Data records
+++

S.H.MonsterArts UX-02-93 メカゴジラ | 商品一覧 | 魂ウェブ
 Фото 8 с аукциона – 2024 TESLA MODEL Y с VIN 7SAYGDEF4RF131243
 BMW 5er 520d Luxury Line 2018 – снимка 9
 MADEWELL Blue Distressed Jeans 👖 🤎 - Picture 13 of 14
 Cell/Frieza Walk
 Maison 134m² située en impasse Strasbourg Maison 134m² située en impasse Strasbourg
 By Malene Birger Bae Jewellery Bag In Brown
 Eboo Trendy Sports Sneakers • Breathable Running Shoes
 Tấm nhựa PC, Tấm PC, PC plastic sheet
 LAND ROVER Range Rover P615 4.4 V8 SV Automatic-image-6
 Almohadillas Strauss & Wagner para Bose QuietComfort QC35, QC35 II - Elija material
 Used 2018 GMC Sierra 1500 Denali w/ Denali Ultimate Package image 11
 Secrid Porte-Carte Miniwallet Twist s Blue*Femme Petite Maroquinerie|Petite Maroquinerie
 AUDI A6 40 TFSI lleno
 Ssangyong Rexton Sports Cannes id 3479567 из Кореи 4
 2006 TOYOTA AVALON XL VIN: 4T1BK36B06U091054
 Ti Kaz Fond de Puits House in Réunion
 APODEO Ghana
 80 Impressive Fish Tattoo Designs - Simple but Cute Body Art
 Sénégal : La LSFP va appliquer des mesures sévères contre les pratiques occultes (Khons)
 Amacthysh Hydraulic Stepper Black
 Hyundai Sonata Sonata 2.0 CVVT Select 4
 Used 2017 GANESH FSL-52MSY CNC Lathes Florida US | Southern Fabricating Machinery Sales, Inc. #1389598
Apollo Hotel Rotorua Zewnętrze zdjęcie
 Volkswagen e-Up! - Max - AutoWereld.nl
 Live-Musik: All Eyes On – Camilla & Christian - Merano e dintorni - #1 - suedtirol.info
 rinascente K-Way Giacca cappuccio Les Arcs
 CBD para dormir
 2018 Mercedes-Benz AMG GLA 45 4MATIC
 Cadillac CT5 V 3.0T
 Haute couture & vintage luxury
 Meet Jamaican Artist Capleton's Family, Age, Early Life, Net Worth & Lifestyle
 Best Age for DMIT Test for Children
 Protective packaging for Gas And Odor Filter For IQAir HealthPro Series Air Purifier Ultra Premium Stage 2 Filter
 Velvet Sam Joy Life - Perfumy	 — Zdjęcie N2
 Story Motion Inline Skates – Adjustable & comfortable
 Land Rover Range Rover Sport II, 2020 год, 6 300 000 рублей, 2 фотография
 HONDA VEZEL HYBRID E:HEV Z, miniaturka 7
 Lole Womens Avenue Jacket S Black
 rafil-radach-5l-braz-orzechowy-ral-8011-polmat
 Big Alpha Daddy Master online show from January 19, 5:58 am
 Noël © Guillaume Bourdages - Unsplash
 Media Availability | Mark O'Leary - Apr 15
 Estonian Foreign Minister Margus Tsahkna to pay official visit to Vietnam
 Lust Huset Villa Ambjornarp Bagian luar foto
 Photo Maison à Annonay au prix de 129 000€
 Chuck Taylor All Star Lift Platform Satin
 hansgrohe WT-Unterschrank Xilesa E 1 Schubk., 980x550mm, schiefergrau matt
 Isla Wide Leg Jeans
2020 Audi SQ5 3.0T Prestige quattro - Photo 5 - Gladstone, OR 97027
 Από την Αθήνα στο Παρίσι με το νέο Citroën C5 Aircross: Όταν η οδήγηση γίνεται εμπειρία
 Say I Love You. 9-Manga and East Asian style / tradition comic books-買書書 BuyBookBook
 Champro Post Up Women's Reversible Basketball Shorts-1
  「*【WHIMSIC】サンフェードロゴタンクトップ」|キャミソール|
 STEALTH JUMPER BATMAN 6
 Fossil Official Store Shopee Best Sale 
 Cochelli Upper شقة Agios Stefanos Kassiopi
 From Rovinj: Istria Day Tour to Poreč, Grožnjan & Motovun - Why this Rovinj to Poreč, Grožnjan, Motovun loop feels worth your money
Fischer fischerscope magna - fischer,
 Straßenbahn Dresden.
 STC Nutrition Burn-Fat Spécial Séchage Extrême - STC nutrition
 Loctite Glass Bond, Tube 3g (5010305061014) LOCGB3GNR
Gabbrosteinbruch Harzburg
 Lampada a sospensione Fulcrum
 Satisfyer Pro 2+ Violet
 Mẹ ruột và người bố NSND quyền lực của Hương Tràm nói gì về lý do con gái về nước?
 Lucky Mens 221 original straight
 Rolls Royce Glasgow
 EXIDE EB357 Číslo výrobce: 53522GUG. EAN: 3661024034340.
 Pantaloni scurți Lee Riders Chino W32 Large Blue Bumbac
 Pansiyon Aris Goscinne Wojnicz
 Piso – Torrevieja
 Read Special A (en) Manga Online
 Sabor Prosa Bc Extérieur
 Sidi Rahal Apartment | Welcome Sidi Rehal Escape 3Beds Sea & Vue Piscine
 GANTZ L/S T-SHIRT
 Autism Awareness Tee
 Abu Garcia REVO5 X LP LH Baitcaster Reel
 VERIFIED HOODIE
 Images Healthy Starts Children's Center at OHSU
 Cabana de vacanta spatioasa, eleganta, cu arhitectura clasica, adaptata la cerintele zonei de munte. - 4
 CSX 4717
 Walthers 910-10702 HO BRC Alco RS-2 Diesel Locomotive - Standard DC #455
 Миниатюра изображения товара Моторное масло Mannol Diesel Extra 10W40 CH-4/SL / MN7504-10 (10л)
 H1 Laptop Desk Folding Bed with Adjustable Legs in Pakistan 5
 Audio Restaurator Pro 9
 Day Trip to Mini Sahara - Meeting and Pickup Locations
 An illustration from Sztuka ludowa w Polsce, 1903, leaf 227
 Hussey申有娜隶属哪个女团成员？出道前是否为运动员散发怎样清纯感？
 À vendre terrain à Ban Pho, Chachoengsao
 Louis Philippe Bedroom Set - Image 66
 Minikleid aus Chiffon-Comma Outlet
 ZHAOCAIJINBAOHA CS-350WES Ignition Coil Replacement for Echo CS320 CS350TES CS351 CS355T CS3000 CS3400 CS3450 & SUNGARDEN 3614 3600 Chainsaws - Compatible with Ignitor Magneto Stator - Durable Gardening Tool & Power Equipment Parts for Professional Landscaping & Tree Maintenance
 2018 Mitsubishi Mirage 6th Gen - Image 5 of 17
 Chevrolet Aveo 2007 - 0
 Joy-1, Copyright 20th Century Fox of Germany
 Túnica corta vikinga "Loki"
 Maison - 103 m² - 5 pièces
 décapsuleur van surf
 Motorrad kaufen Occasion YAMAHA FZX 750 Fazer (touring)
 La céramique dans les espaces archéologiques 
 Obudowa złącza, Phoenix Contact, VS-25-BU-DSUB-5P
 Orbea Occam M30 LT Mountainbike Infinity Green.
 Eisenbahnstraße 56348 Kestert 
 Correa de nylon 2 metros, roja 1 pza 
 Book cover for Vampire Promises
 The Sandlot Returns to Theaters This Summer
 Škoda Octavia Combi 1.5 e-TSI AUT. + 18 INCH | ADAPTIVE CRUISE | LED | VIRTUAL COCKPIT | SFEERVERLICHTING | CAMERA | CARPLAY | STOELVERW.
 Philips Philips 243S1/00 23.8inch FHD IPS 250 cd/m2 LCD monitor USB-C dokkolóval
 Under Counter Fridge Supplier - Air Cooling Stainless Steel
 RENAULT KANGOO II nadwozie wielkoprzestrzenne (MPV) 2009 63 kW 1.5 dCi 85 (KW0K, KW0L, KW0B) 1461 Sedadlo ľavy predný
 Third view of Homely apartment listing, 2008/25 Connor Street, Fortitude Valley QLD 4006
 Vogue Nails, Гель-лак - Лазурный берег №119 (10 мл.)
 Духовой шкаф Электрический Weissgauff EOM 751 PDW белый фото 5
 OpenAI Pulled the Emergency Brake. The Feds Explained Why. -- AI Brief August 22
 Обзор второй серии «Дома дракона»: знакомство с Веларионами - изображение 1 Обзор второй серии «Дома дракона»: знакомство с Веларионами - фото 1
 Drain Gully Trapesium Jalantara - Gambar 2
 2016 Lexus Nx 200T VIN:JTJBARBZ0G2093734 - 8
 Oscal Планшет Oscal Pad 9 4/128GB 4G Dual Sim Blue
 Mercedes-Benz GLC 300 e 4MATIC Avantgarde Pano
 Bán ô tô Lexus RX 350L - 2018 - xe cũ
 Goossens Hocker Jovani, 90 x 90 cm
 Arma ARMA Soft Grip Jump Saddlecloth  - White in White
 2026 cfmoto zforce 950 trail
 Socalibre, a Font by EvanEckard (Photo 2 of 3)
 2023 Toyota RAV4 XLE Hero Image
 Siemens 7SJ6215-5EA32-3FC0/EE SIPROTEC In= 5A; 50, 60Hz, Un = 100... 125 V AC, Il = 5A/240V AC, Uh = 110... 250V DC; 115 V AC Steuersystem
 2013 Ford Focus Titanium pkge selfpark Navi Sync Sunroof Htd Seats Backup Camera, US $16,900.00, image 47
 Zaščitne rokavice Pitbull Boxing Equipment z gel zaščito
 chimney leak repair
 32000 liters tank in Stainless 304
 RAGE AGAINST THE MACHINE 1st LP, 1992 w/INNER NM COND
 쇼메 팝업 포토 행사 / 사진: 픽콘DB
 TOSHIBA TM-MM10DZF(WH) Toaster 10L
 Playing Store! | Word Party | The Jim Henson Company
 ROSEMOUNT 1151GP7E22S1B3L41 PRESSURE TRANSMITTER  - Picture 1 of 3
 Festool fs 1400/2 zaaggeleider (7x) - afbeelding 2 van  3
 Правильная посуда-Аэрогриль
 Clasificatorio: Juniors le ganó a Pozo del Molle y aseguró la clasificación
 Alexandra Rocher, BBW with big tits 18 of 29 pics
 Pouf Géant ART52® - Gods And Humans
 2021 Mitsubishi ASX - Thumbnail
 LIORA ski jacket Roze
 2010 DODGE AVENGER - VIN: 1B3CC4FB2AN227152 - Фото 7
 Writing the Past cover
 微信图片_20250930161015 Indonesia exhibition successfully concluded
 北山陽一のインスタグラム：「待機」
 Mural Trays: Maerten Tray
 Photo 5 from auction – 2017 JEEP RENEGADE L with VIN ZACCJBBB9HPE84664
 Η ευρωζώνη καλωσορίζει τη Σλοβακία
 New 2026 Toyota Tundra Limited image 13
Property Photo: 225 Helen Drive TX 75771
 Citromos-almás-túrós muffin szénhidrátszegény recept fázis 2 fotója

+++

The task
Scan the records above and report every line with the string "para".

Answer space
 Almohadillas Strauss & Wagner para Bose QuietComfort QC35, QC35 II - Elija material
 CBD para dormir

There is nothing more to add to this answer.